REQUIREMENT » Word for word, return the lines below from the first through the line that has "e pizzo Abito", dropping the pictures.

____________________

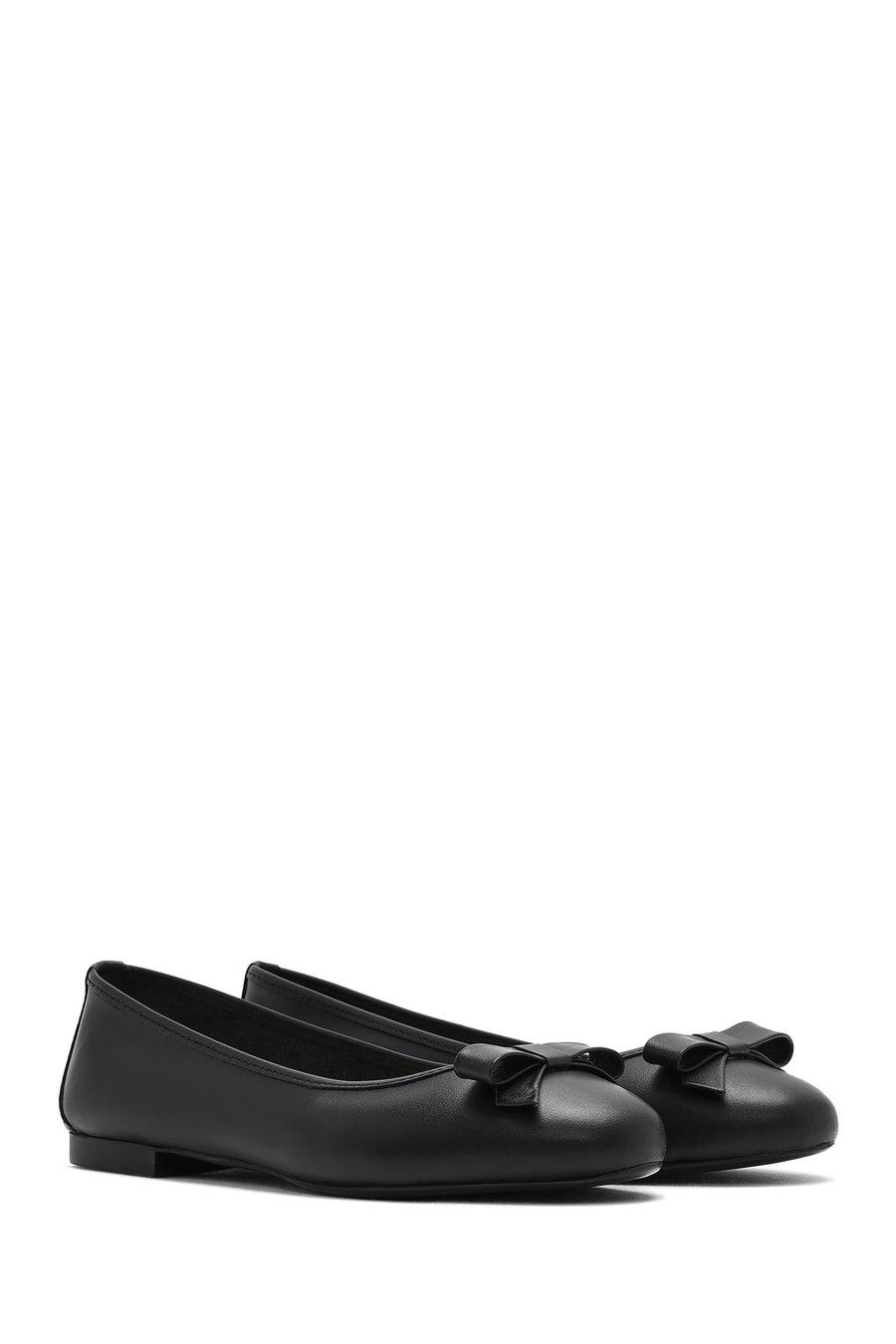 Women's Black Leather Ballerinas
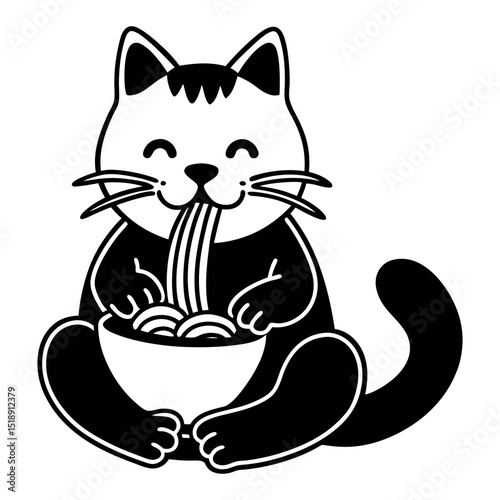 cute cat savoring bowl of ramen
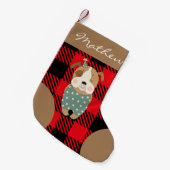 Personalisiertes Skript Trendy Büffel kariert rot  Kleiner Weihnachtsstrumpf (Vorderansicht (hängend))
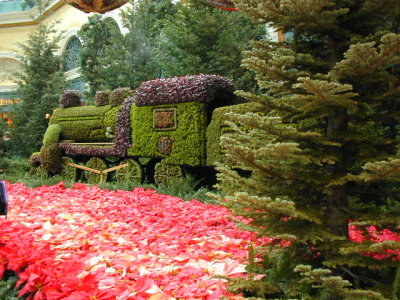 Pointsettia Display inside the Bellagio Atrium along with a train made out of greenery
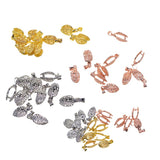 Maxbell 10 Pieces Brass Filigree Pendant Pinch Bails Connector Findings Gold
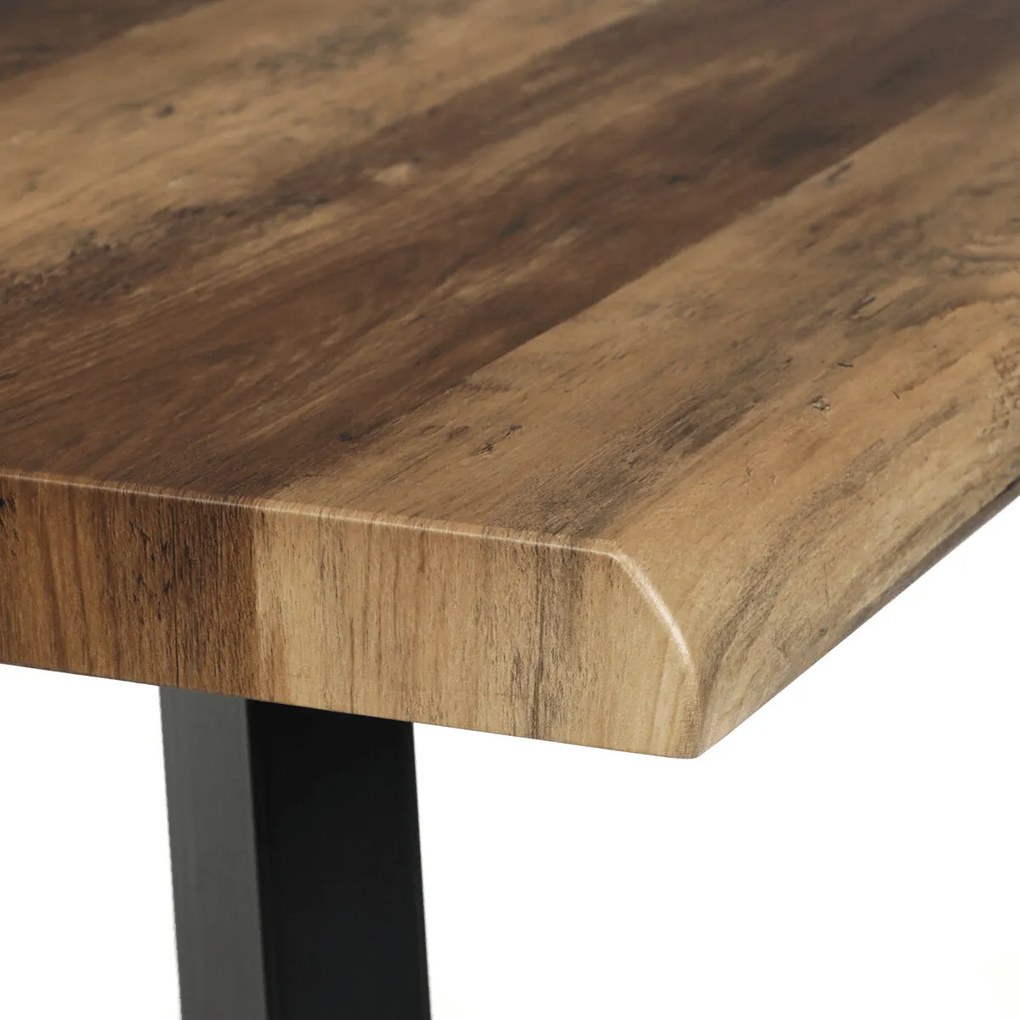 Étkezőasztal 160 × 90 cm MDF öreg fa OLW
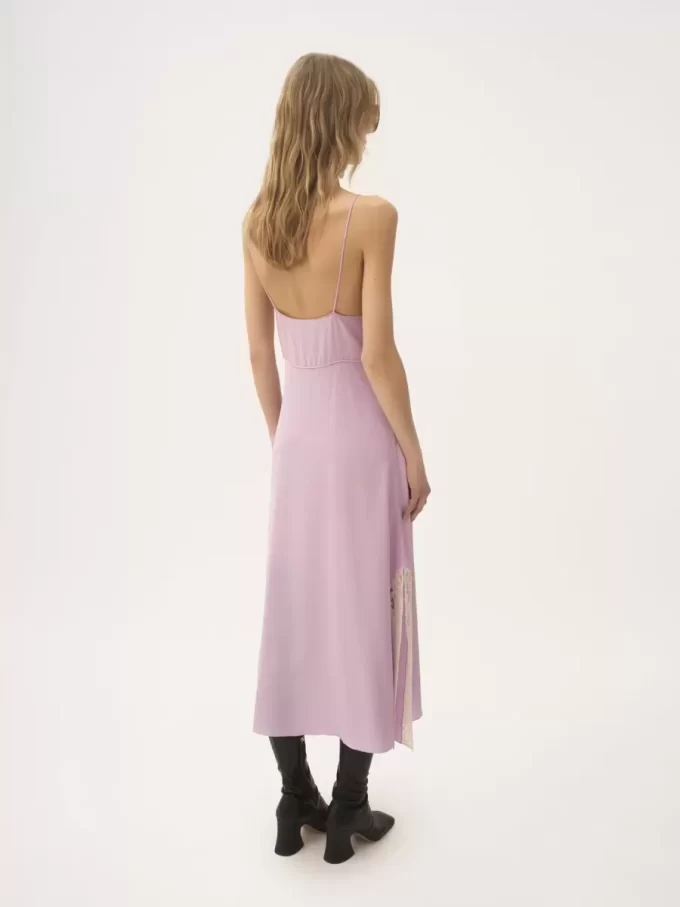 Abito midi con spalline sottili in crêpe de chine e pizzo Abito midi con spalline sottili in crêpe de chine e pizzo
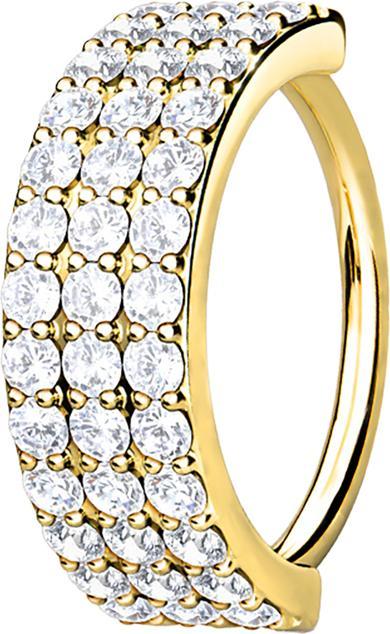 Produktbild Star Piercing Micro Piercing Ring 14k vergoldet drei linien mit Kristallen (Messing, Chirurgenstahl 316L)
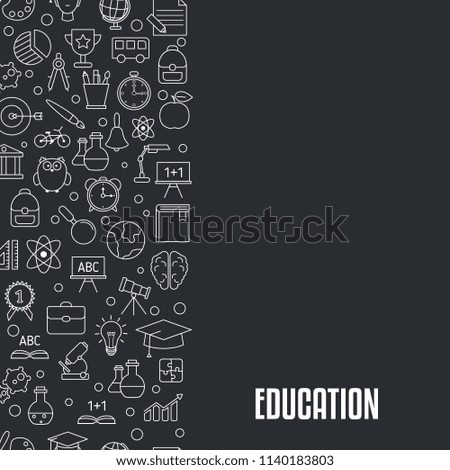 Education design concept. Black background with education, school and university icons.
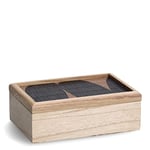 Zeller 15199 Boîte de rangement en bois Motif mosaïque noire 24 x 16 x 8,5 cm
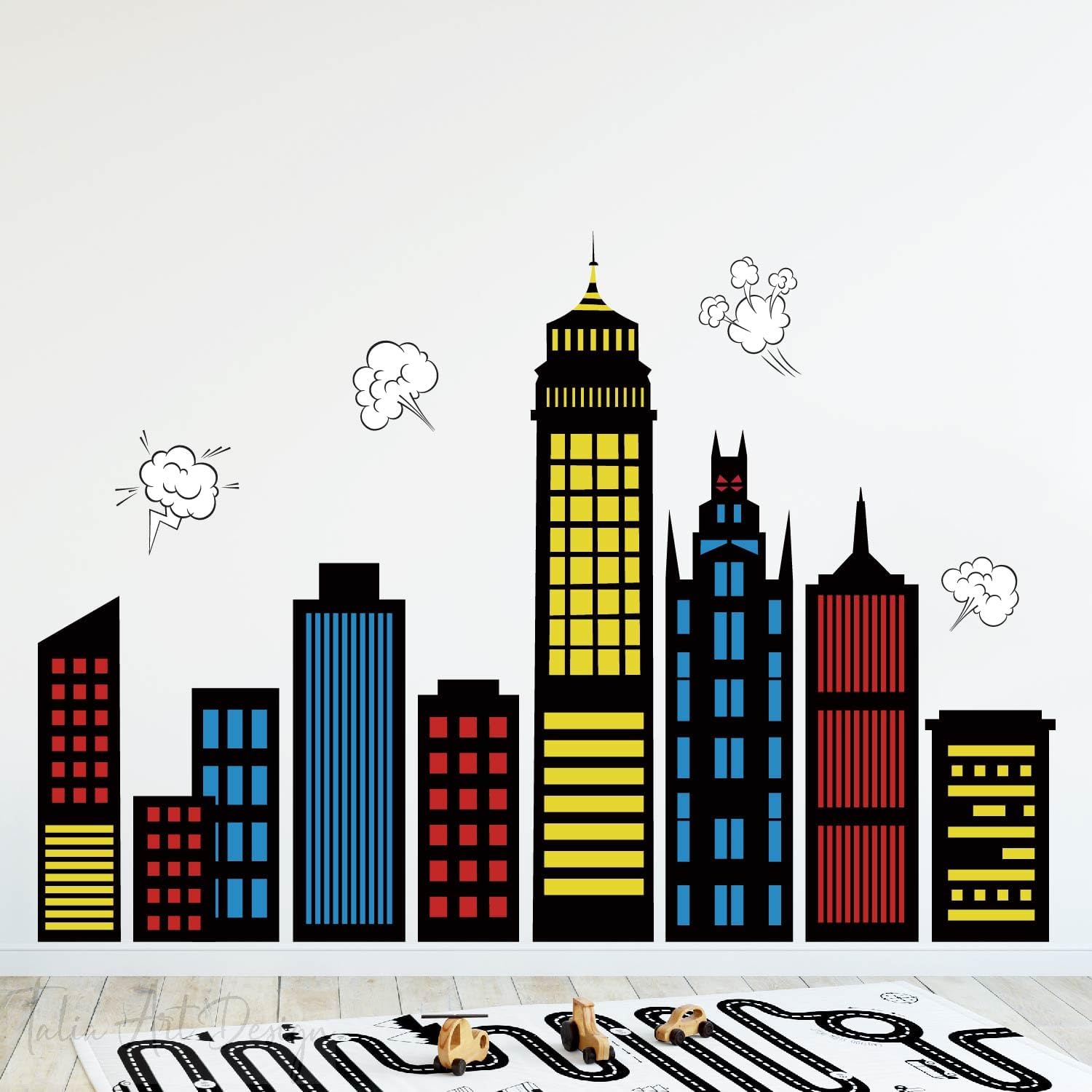 Superhero City Skyline Wall Decals - Colorful Cityscape Comic Scene for Kids’ Room, Nursery, and Playroom Decorations, Vinyl City Building Stickers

____________________

REPLY »
 Women's Black Leather Ballerinas
 cute cat savoring bowl of ramen
 Personalisiertes Skript Trendy Büffel kariert rot  Kleiner Weihnachtsstrumpf (Vorderansicht (hängend))
 Pointsettia Display inside the Bellagio Atrium along with a train made out of greenery
 Maxbell 10 Pieces Brass Filigree Pendant Pinch Bails Connector Findings Gold
 Étkezőasztal 160 × 90 cm MDF öreg fa OLW
 Abito midi con spalline sottili in crêpe de chine e pizzo Abito midi con spalline sottili in crêpe de chine e pizzo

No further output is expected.